Семнадцать «или» и другие эссе

Лешек Колаковский (1927-2009) философ, историк философии, занимающийся также философией культуры и религии и историей идеи. Профессор Варшавского университета, уволенный в 1968 г. и принужденный к эмиграции. Преподавал в McGill University в Монреале, в University of California в Беркли, в Йельском университете в Нью-Хевен, в Чикагском университете. С 1970 года живет и работает в Оксфорде. Является членом нескольких европейских и американских академий и лауреатом многочисленных премий (Friedenpreis des Deutschen Buchhandels, Praemium Erasmianum, Jefferson Award, премии Польского ПЕН-клуба, Prix Tocqueville).
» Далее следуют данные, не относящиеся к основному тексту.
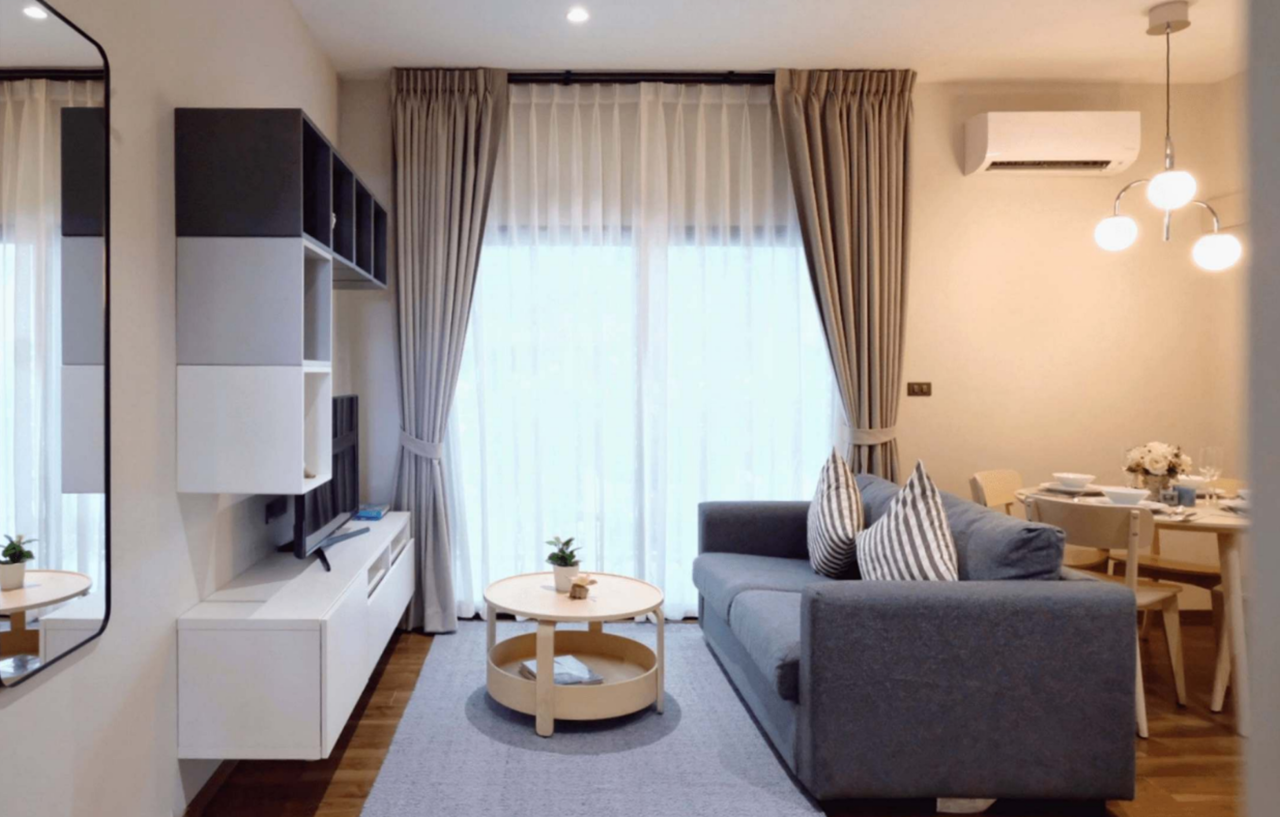 Appartement sur l'île de Phuket, Thaïlande, 36.83 m² - image 6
В книгу вошли его работы литературного характера: цикл эссе на библейские темы "Семнадцать "или"", эссе "О справедливости", "О терпимости" и др.


Смертию смерть поправ

В книге рассказывается история главного героя, который сталкивается с различными проблемами и препятствиями на протяжении всего своего путешествия. По пути он встречает множество второстепенных персонажей, которые играют важные роли в истории. Благодаря опыту главного героя книга исследует такие темы, как любовь, потеря, надежда и стойкость. По мере того, как главный герой преодолевает свои трудности, он усваивает ценные уроки жизни и растет как личность.


Авантюра времени

«Что такое событие?» — этот вопрос не так прост, каким кажется. Событие есть то, что «случается», что нельзя спланировать, предсказать, заранее оценить; то, что не укладывается в голову, застает врасплох, сколько ни готовься к нему. Событие является своего рода революцией, разрывающей историю, будь то история страны, история частной жизни или же история смысла. Событие не есть «что-то» определенное, оно не укладывается в категории времени, места, возможности, и тем важнее понять, что же это такое. Тема «события» становится одной из центральных тем в континентальной философии XX–XXI века, века, столь богатого событиями. Книга «Авантюра времени» одного из ведущих современных французских философов-феноменологов Клода Романо — своеобразное введение в его философию, которую сам автор называет «феноменологией события».